Les grands prix sont pourtant censés avoir un palmarès qui rend compte du meilleur de la littérature d’une époque.


Il ne faut jamais oublier ce qu’a dit Alexandre Vialatte, à savoir que la littérature et la vie littéraire sont deux choses totalement différentes, qui n’entretiennent pratiquement aucun rapport. Il y a d’un côté la littérature, qui contient tous les genres, de tous les pays, de toutes les époques, les auteurs connus et les inconnus. C’est une nébuleuse merveilleuse, inépuisable. De l’autre côté, il y a la vie littéraire avec ses récompenses qui permettent à des écrivains de briller et aux éditeurs de rentrer de l’argent. C’est une affaire d’égo et d’argent. Il ne faut se faire aucune illusion là-dessus. Une fois qu’on n’a plus d’illusion, on peut regarder cela très sereinement et se demander à soi-même si on a envie de jouer dans cette pièce.


Vous êtes écrivain, mais aussi éditeur. La situation très difficile que traverse le monde littéraire ne rend-elle pas les écrivains et les éditeurs très dépendants par rapport au phénomène des prix littéraires ?


Le monde littéraire va mal, invraisemblablement mal. On n’a jamais connu ça. Toutes les maisons d’édition – même les plus grandes – sont en danger aujourd’hui. Le groupe Gallimard a plus de 250 millions d’euros de dettes… Et que fait-on ? On surproduit ! Et l’on vit avec la pression des chiffres de vente, des critiques, d’internet, des prix. Mais on est bien obligé de vivre dans le monde tel qu’il est, n’est-ce pas ?


On a l’impression aujourd’hui que le seul moment où le grand public s’intéresse encore à la littérature est le moment de la remise des prix d’automne au point que certains achètent le Goncourt uniquement parce que c’est le Goncourt. Le livre en vient ainsi à disparaître derrière le prix. Comment est-on arrivé à cette situation paradoxale ?


L’attention qu’on donne aux prix détourne hélas l’attention des livres qui n’en ont pas reçu. Il serait intéressant de faire un retour en marche arrière dans l’histoire de la littérature. Avec le recul, on voit cela très clairement : tant de livres primés qui n’ont laissé aucune trace, tant de chefs-d’œuvre qui n’ont reçu aucun prix.


Si on pratique cet exercice, on se rend aussi compte que les prix sont un phénomène assez récent. La vie littéraire s’est organisée pendant des siècles sans eux. Ils se développent à la fin du XIXe et au début du XXe siècles, puis connaissent une croissance exponentielle à partir des années 70 avec le développement des prix de lecteurs. Que disent les prix littéraires de l’évolution de notre société et du monde de l’édition ?
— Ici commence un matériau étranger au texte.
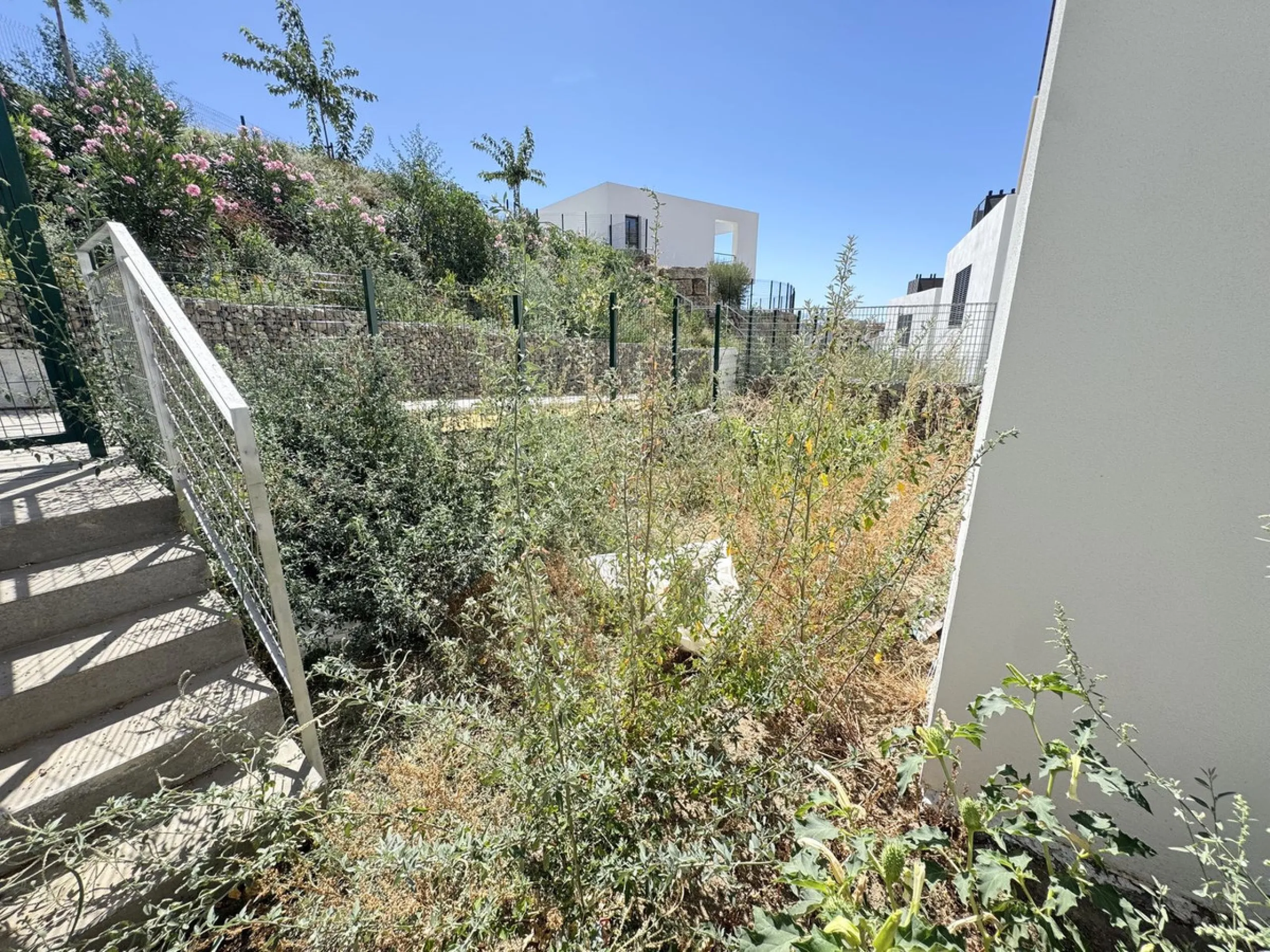 This stunning, newly completed modern contemporary 3 bedroom semi-detached villa in urbanisation Alya offers stylish contemporary living in a sought-after residential area. Built to the highest standards with a sleek architectural design, this property pr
Les prix littéraires ne sont pas récents ! Dans l’Antiquité, il y avait des concours de poésie, de tragédie… Les prix sont l’expression de l’esprit de compétition qui fait partie de l’Homme. Les uns voudront courir plus vite ; les autres, sauter plus haut, et ceux qui écrivent ou publient, avoir plus de décorations que le voisin.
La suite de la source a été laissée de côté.